Choosing Jobs over the Environment: WV Politicians Want to Stop EPA Regulations for Cleaner Air
Coal is big business in West Virginia. The money from the industry keeps many families in the mountain state afloat each month and is the anchor of a struggling economy.
Now one West Virginia Democrat is proposing that the best way to handle the coal industry and keep jobs in the state is by removing all regulations that may interfere with their profits and let them spew as much pollution as they want into the air.
On Tuesday, Rep.
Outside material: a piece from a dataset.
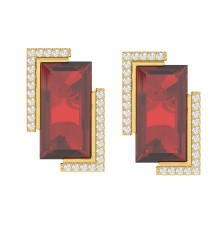 18K YELLOW GOLD 8CT ROUND/RECTANGLE LADIES EARRINGS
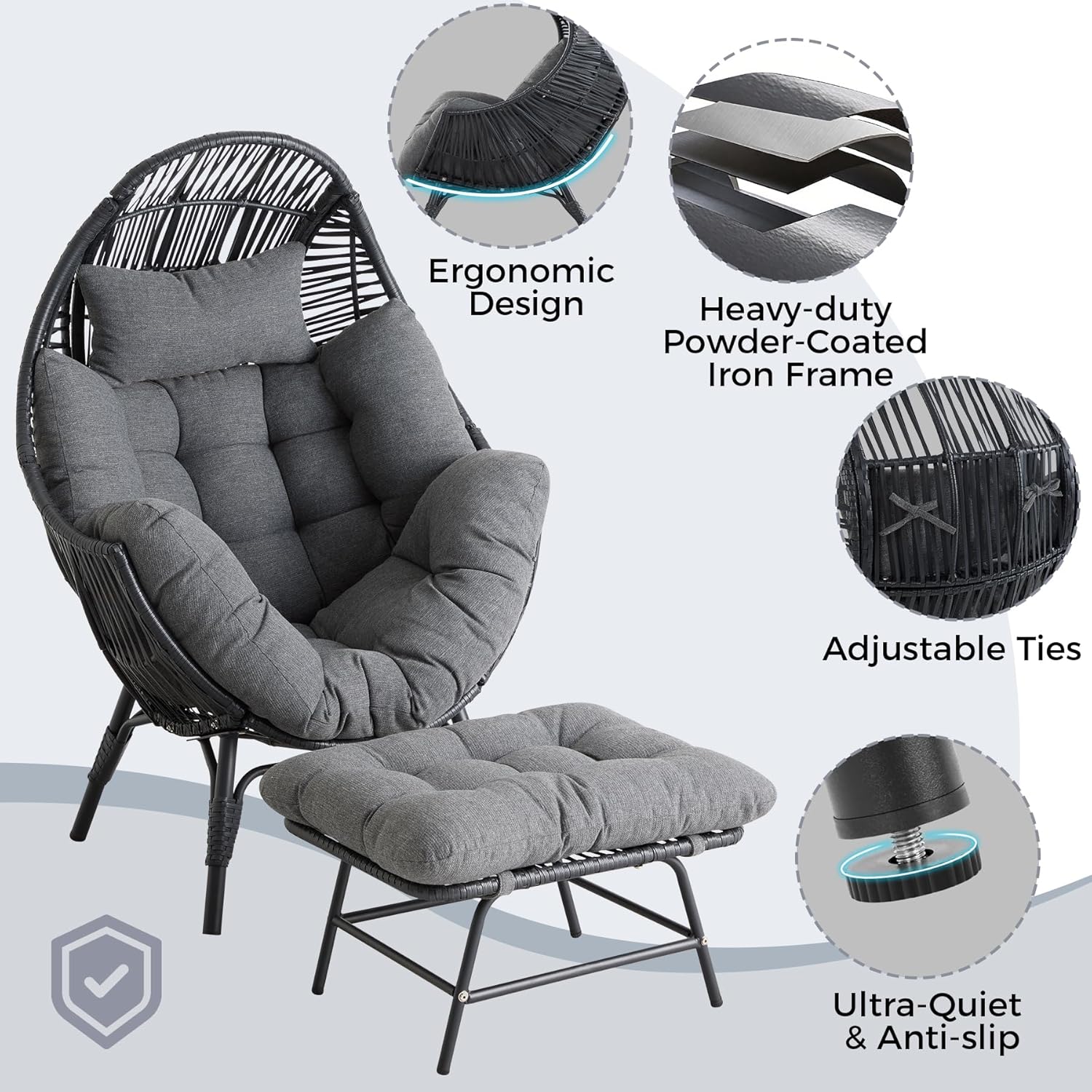 Wicker Outdoor Egg Chair with  - Outdoor Furniture Egg Chair 리뷰 및 가격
Nick Rahall (D-WV) introduced the Protection and Accountability Regulatory Act of 2014 in an effort to stop the Environmental Protection Agency’s regulation of coal plants, modified coal plants and reconstructed coal plants and the amount of polluting carbon they release into the atmosphere.
“The EPA needs to get their head out of the clouds and come back down to Earth where the rest of us must live and work,” Rahall said in a statement advocating for the EPA to ‘mind their own’. “We don’t need more regulation to solve our energy challenges—we need more innovation.”
Aligning himself mostly with House Republicans, Rahall joined with fellow West Virginia representative David McKinley (D-WV) to co-sponsor the measure, which is meant as an answer to Obama’s new rules aimed a capping carbon emissions in power plants by 2030.
The new EPA rules, which could damage the already suffering West Virginia coal industry, caused a strong reaction in Rahall’s and McKinley’s state – home of softer and more polluting bituminous coal -, even prompting the West Virginia Attorney General Patrick Morrisey to threaten to sue the EPA if they did not rescind the restriction on carbon emissions.
“As the chief legal office for the State of West Virginia, I respectfully request that you withdraw the Proposed Rule immediately because EPA lacks the legal authority to adopt that Rule,” Morrisey wrote in his nine-page letter.“I urge you to withdraw the proposed rule immediately and avoid needless litigation.”
He also stated that he cannot allow the EPA to “blatantly violate the law in order to achieve its policy goals.”
Yet while the environment would be the real losers if Rahall and McKinley’s bill was passed, in an impoverished state like West Virginia the politicians’ rationale is less about long-term environmental goals and global warming and more about making sure the state does not lose more jobs, especially ones considered well-paid by WV standards.
“The proposed rule issued today by the Environmental Protection Agency will lead to long-term and irreversible job losses for thousands of coal miners, electrical workers, utility workers, boilermakers, railroad workers and others,” United Mine Worker’s International President Cecil Roberts said, stressing the sentiment of many in the state who are willing to do anything – even pollute the environment – just to keep jobs around.